Private Prompts war im vergangenen Jahr eines von zwölf Projekten, die im Rahmen des Civic Coding-Accelerators 2025 gefördert wurden.
Im Interview ging es einerseits um die Vorgeschichte des Projekts – wie aus einem konkreten praktischen Problem nach und nach eine Anwendung wurde – und andererseits um die Frage, welche Rolle der Austausch mit der Community in dieser Zeit gespielt hat.
Die Vorgeschichte
Die Idee zu Private Prompts ist aus einem Unbehagen entstanden, das vermutlich viele kennen, die mit KI-Tools arbeiten: Sobald ich Texte, E-Mails oder Dokumente an einen externen Dienst schicke, gebe ich Informationen aus der Hand. Was passiert mit diesen Daten? Wer kann sie sehen? Gerade bei personenbezogenen oder vertraulichen Inhalten wird daraus schnell ein echtes Dilemma.
Meine Überlegung war: wie weit kommen wir mit dem Ansatz, sensible Informationen schon lokal auf dem eigenen Rechner zu pseudonymisieren, bevor ein Prompt überhaupt das Gerät verlässt? So lassen sich KI-Werkzeuge weiter nutzen, ohne dass vertrauliche Details bei einem fremden Anbieter landen. Sie verlassen den eigenen Rechner nie.

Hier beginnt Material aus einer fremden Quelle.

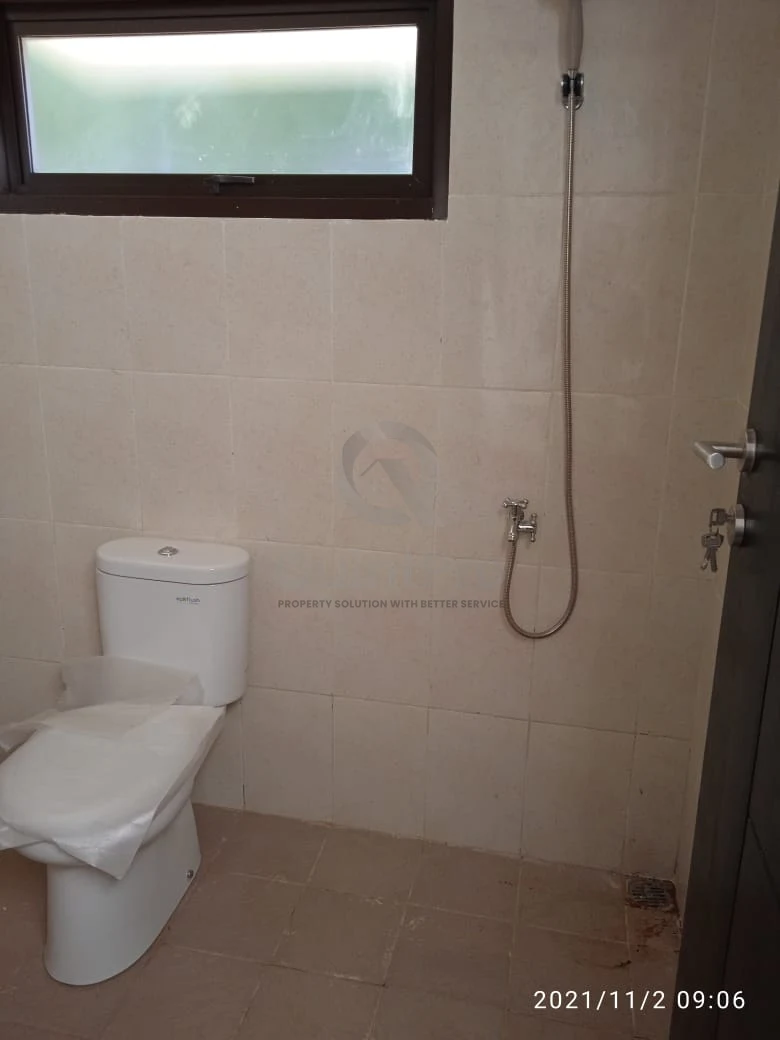 Rumah Disewa di Larverde, Serpong, 4KT — foto 9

Aus diesem Gedanken wurde zunächst ein privater Prototyp für den Eigenbedarf. Über die Förderung durch den Prototype Fund konnte ich dann mehrere Monate konzentriert daran arbeiten und das Ganze zu einer stabilen Desktop-Anwendung weiterentwickeln, die heute als freie Open-Source-Software kostenlos verfügbar ist. Die mediale Resonanz nach der Veröffentlichung – unter anderem in der Süddeutschen Zeitung und im Deutschlandfunk – war für mich überwältigend und hat das Thema breit in die Diskussion getragen. Ich bekomme heute noch Post und Anfragen zu dem Thema.

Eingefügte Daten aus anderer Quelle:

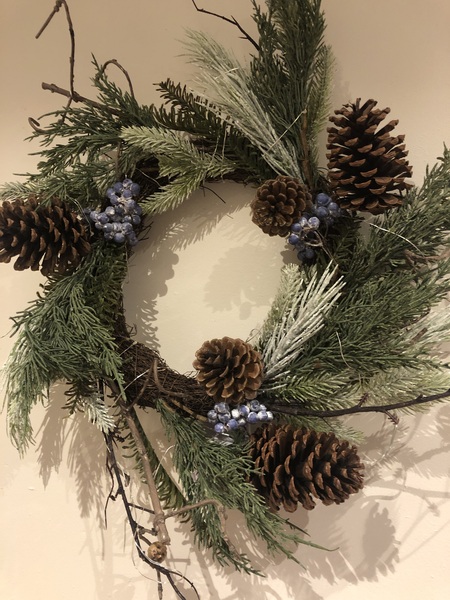 Do you have an artificial Christmas wreath?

Was Civic Coding beigetragen hat
Während der Prototype Fund die eigentliche Entwicklung erst möglich gemacht hat, lag der Schwerpunkt bei Civic Coding klar auf der fachlichen Begleitung. Beratung, Coaching und der Austausch mit anderen Projekten haben mir geholfen, einen Schritt zurückzutreten und den Stand des Projekts aus einer gewissen Distanz zu betrachten. Wenn man als Einzelentwickler lange tief in einem Thema steckt, ist genau das enorm wertvoll.
Ein wiederkehrender Punkt in den Gesprächen war die Frage nach der Zielgruppe – und damit verbunden die strategische Vision für das Projekt. Das Angebot kam für mich genau zum richtigen Zeitpunkt: weniger, um etwas Neues zu beginnen, mehr, um das Erreichte einzuordnen und die nächste Entwicklungsstufe vorzubereiten.
Aktueller Stand
In der heutigen Version richtet sich Private Prompts vor allem an Einzelanwenderinnen und Einzelanwender. Und das funktioniert gut: Prompts strukturieren, sensible Inhalte lokal pseudonymisieren, anschließend an die KI senden – ohne dass vertrauliche Daten den Rechner verlassen.
Das Feedback aus der Praxis zeigt aber sehr deutlich, dass viele das Thema längst weiterdenken. Sobald KI in Teams oder im Arbeitsumfeld eingesetzt wird, kommen zusätzliche Anforderungen ins Spiel: Verwaltung gemeinsamer Datenschutzregeln, geteilte Workflows, Integration in bestehende Systeme. Genau hier sehe ich den nächsten logischen Schritt – Private Prompts von einer reinen Einzelplatzanwendung zu einer gruppenfähigen Lösung weiterzuentwickeln.
Das Ziel dahinter ist eine technische Brücke zwischen den Möglichkeiten moderner KI-Dienste – die häufig aus den USA kommen – und den Anforderungen des europäischen Datenschutzes.
Was als Nächstes kommt
Die größte Herausforderung dabei ist – wenig überraschend – die Finanzierung dieser nächsten Entwicklungsphase. Ich bemühe mich derzeit aktiv um passende Fördermöglichkeiten. Wer aus diesem Umfeld einen Hinweis hat, darf sich gerne bei mir melden.
Ich bleibe am Ball und werde berichten.